スポーツドリンクを片手に黒尾が歩き出す。そのまま広間を通って静かな廊下を進む2人。会場を歩いていた時とは、雰囲気も距離も全く異なっていた。

心地の良い会話のスピード、程よい距離感。怒ったような黒尾に腕を引っ張られるより何倍も落ち着く。もちろんあれは自分が悪かったのだと重々承知しているが、やはり常に優しかった彼のトゲトゲしい雰囲気は好ましくない。

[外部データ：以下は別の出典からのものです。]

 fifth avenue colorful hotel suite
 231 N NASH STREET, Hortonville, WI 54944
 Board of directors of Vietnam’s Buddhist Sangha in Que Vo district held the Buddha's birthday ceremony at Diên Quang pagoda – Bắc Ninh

そんなことをぼんやりと考えながら、受け取ったミルクティーを眺める道香。





「もう怒ってねえって。」

『え?知ってるけど』

「じゃあなんで叱られた子供みたいな顔してんの。」

『……思い出した。』

「思い出してかよ。」




ニヤニヤと笑う黒尾。いつもの意地の悪い笑みだ。

そうか、きっと彼は。こうして少しでも道香が気にしないようにわざわざ2人で話す時間を作ったのか。バスの中で道香に気遣うようにからかったのもそうだっただろうが、きっとそれだけで気にしなくなるような性格ではないとわかっていたから。不意に思い出して考え事をしてしまう癖も、黒尾は知っている。

ふざけているだけに見える彼は、どうやらかなり自分を気遣ってくれているらしい。





『……黒尾ってほんとに優しいよね。』

「ア?いきなりなんだよ、スポーツドリンクはやんねーぞ。」

『要らない。』

「…ハァーン、さてはセンチメンタルな気分か?」

『そうだったとしたら今ので台無しだよね。』





ケラケラ。見た目にそぐわぬ少年じみた笑い方の黒尾を見上げ、道香は少しだけ口元を緩めた。自分の為にも、彼の為にも、先程考えていたように目先の試合を優先すべきだ。

なんだよ、と頭を掴んだ彼の手から伝わる熱には気付かないフリをする。